Snowbird · April 21, 2024, 10:59pm

AudioTipitaka was trying to do crowd sourced audio readings. If you are striving for a reasonable level of quality, there is a lot of work involved. Not a reason not to do this, but just a warning that it’s a bit more difficult than one would think. You have to do “proof-listening” and if there are errors it’s much more difficult to correct than with text editing.

@BethL, you could consider approaching @Paliaudio.com and see if they are missing any recording by Ven. Jiv. They have some, but I don’t think all. And just as a technical matter, they were recorded from the Buddhajayantitipitika (BJT), not the edition found on SuttaCentral.

BethL · April 21, 2024, 11:44pm

Ven. Snowbird, will do! I have been looking at Frank’s various sites for so many months to discern where they are all hiding .

Thanks…I did double and triple-checks against SuttaCentral to ensure that how I’ve labeled them in my google file naming convention is consistent with SuttaCentral. My next step is to actually embed the SC links!

BethL · April 21, 2024, 11:46pm

Thank you…yes, to clarify, these recordings by Ven. Jiv are in pāli.

sabbamitta · April 22, 2024, 6:33am

We should always keep in mind that Bhante Sujato’s translations are still subject to a lot of revision.
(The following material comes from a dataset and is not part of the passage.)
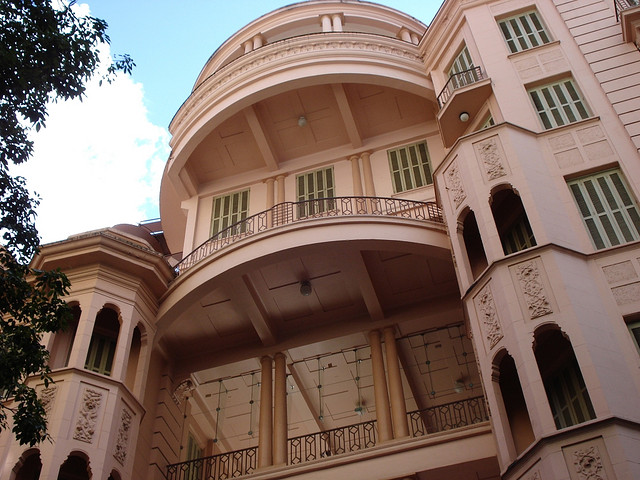  <strong>Casa de Cultura Mário Quintana </strong>Decadente, o hotel Majestic – o mais luxuoso de Porto Alegre no início do século 20 – já estava prestes a fechar as portas quando hospedou Mário Quintana, de 1968 a 1980. Restaurado, o prédio exibe, em seus sete andares, acervos sobre o poeta (com a reprodução do quarto onde ele viveu) e sobre a cantora Elis Regina. Há também exposições temporárias e cinema. O jardim do quinto andar e o café, no sétimo, também devem fazer parte da visita.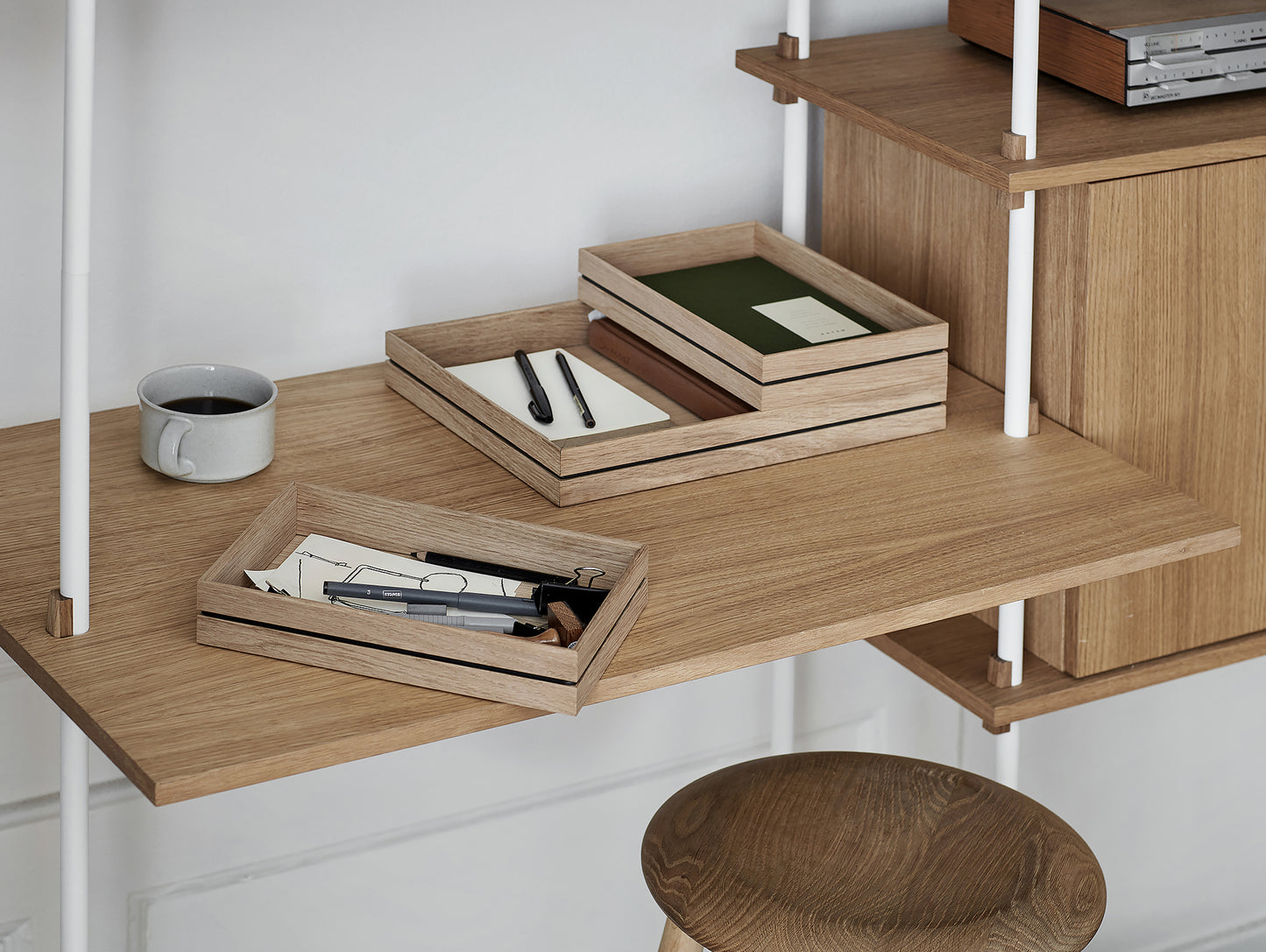 Organise in Oak by Moebe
I guess that any recorded version out there is likely to be outdated.

That is actually a great benefit of machine TTS, that it can easily be up to date with the latest version. No more difficult than text editing. Which is one of the reasons why we chose this approach with Voice.

They would have to be uploaded to a server after audio editing/segmenting. For the few files recorded by Bhante Sujato that we have so far this has been done by @michaelh. After that this server needs to be linked to Voice (I am not sure how that works, @karl_lew did that).

But I guess the English versions of those recordings are probably … totally outdated! So in this case the text that you read and the audio that you hear will differ.

karl_lew · April 22, 2024, 3:35pm

Sadly, yes. Bhante’s existing audio recordings will eventually no longer match Bhante’s translations. For example, “identity view” has become “substantialist view”. The robot narrators, in contrast, automatically follow all SuttaCentral translations as they are published, so the robots will speak according to what is written.

Importantly, we should all be aware that robots make mistakes. We tend to assume robots are free of mistakes given their monotonous repetitiveness. Robots make mistakes. And we cannot fully trust these robot narrators because they make mistakes. We have to listen mindfully. One perfect example is the word “bow”, which has two (2) pronunciations. These pronunciations differ in semantic meaning. There is a bow And there is a bow The Buddha uses both these terms. So please note that the robots always make a mistake here and use the same pronunciation for both. This is bad, but I could not fix it. So please be mindful as you listen to the robots. Robots make mistakes.

Ideally, humans should just chant the suttas together as we all did in the past. Logistically, that is really hard to manage. So the robots are a poor approximation for what we really should be doing.

Finally, although it is technically possible to capture the sense of an individual human’s voice and reapply it in TTS so that it seems like that human, the prospect of training an AI voice to speak the Dhamma as an avatar for a deceased monastic is simply horrific. This is why I would strongly object to training any robot narrator to sound like an actual follower of the Teachings. The potential for harm there is enormous. It is very very unethical because it is based on deceit.

mn8:12.32 ‘Others will be deceitful, but here we will not be deceitful.’

Please let us not upload our own voices to SC-Voice to speak on our behalf. I believe that to do so would not be ethical.